The sad thing is that obviously the police in Central Aceh seemed not learnt anything from the history of violence in the area amidst former violence in 2002 where Central Aceh was polarised sharply during the height tension of armed conflict. Back in 2002 there was a failed international mediation to Aceh conflict. Takengon witnessed the burning of Joint Security Committee headquarter by militias following the flow of IDP s out of Central Aceh. Militia groups were established in order to maintain the areas within Indonesia’s territory thus transformed the armed conflict into one of intergroup conflict in the Gayo society, which is quite a multiethnic one, although it has been part of Aceh Sultanate in 16 century hence also part of Aceh Province.
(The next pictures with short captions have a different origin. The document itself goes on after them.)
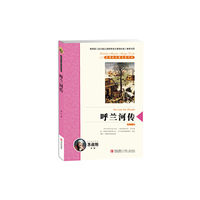呼兰河传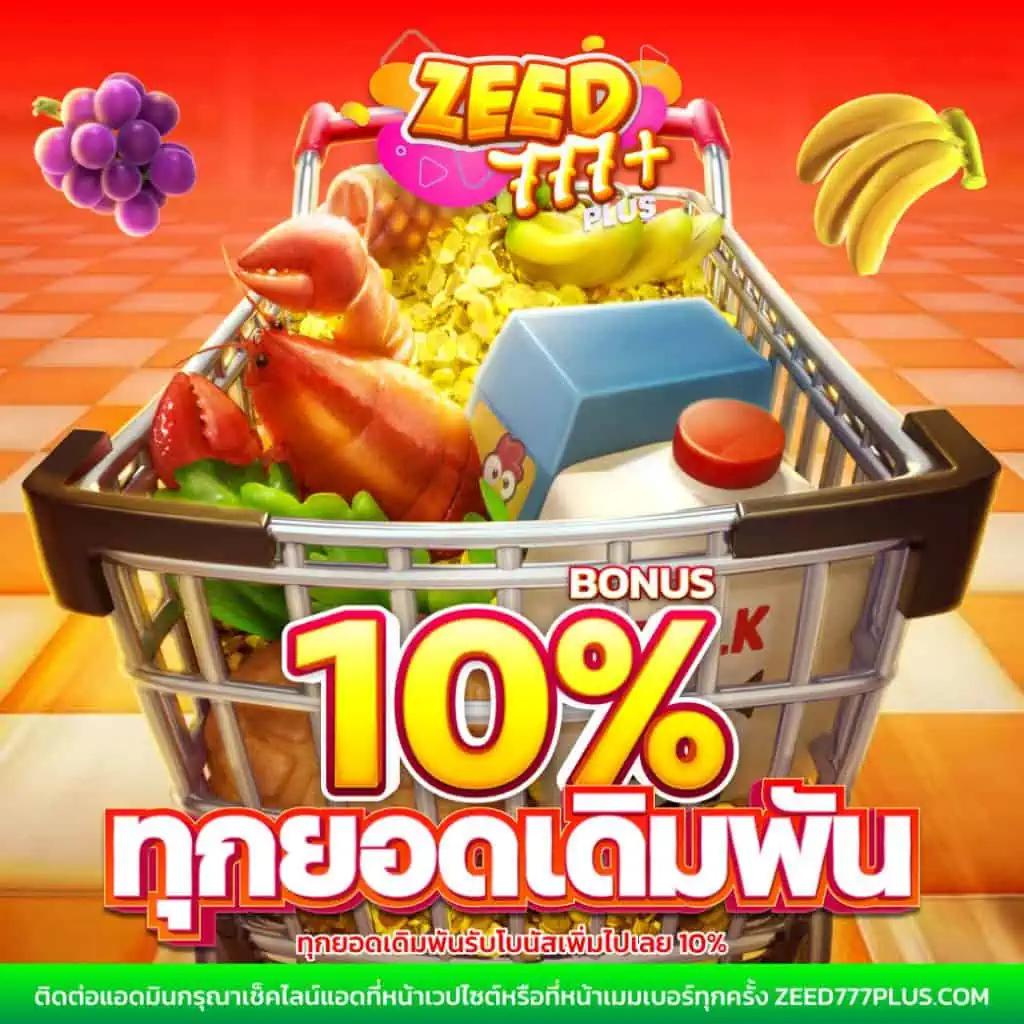 สล็อตevo รวมเกมแนวใหม่ เล่นง่าย ได้เงินจริง 2024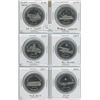 1361  Lot of 6 Saskatoon Trade Dollars including 1978 Ox and Cart, 1979 Paddle Wheeler, 1980 Car, 1980 BiPl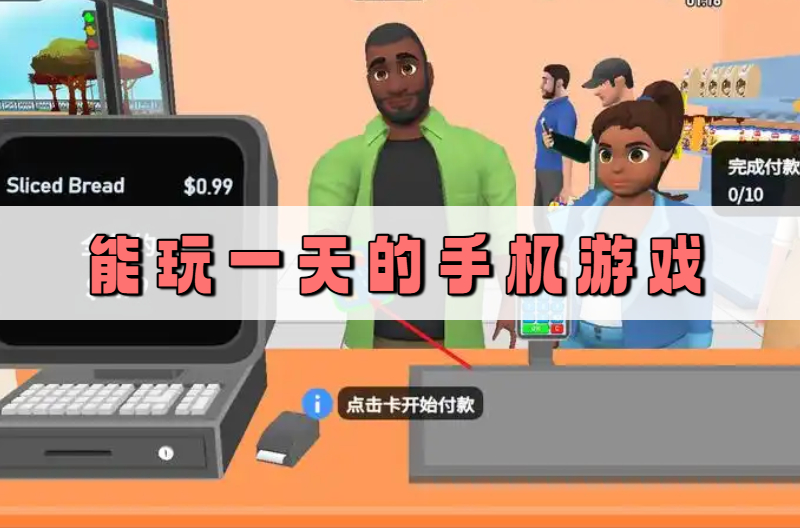 能玩一天的手机游戏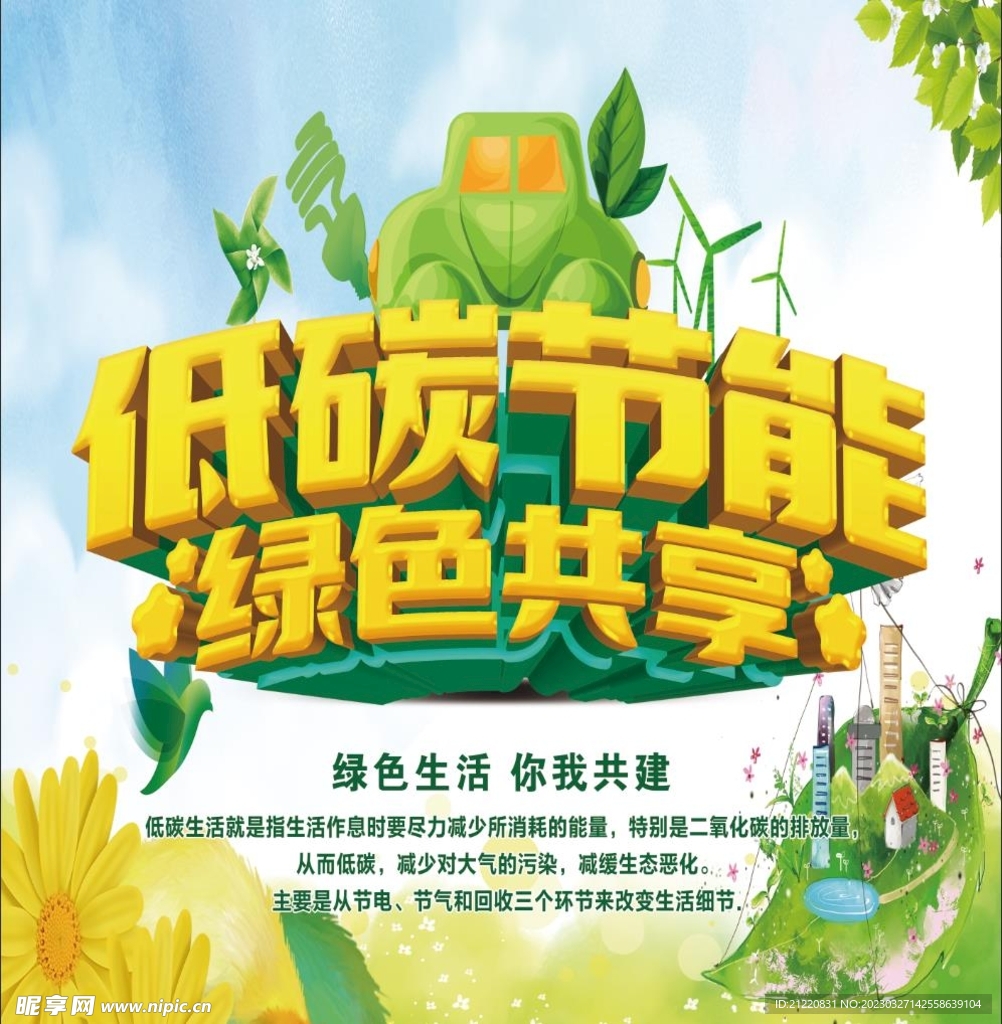 低碳节能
There were obvious evidence that militias were involved in the displacement of the locals and the creation of insecurity of civilians. Nonetheless the Indonesian authority denied the existence of such groups prior to the signing of Helsinki MoU but strangely militias are mentioned under the ones who have the rights to receive reintegration funds. Up to today the remnants of having such groups has created backlash where peace building is supposed to take place. The latest incident once again proves that although many parties claimed that ‘violence between the two sides has ended’ there are still tones of issues that need to be addressed. Local tensions in Central Aceh included the stalling of reintegration funds, inequality of post conflict recovery projects in some areas, as well as the rivalries to welcome the next 2009 local election. The situation in Central Aceh also has been heightened by the call to form a separate province from Aceh.
Recent conversation via sms, email and phone to friends and sources in Banda Aceh and Takengon, from student activist, NGO worker, to member of BRA and KPA members; expressed their hopes that police is able to go thorough investigation in order to take the responsible parties into account. The expectation however seems ‘surreal’ if one understands the complex nature of society and politics in Central Aceh and its surroundings.
Specifically refer to the incident in Aceh Tengah, in my opinion we could not see this incident merely as spontaneous act which took by one group to another or merely seen as mass action from some groups of community to others. We must put the incident in line with the analytical view of broader sociological context of Central Aceh as an area which is undergoing peace process. We also must remember that peace pact was put into effect only upon the support of all Acehnese in the country and abroad whom have experienced the 30 years of suffer under the armed conflict. At least there are several requirements for peace agreement to work. There has been the successful mediation, the establishment of agency which transform the combatants into civilians, and the 2006 local election as a next step according to Helsinki agreement that opens the way for a democratic-led Aceh. Those have accomplished that in reality, now NGO s (local and international), BRA (Aceh reintegration Body), local government are the ones whom responsible in implementing the peace agreement. One thing is clear that under the frame of sustainable peace building, local civilian authority, which included police force, must be aware that it is their responsibility to facilitate peaceful environment, by their ability to bridge communication among any groups from the grass root to the ‘elite’ level of society. Only with continuous dialogue on the importance to support the peace agreement among all level of Acehnese society, and not only via ceremonial events to celebrate peace pact or the disbursement of reintegration ‘projects’ that peace can be transformed into a more positive way which brings the ideal welfare to Aceh society in all districts. (Irine Hiraswari Gayatri)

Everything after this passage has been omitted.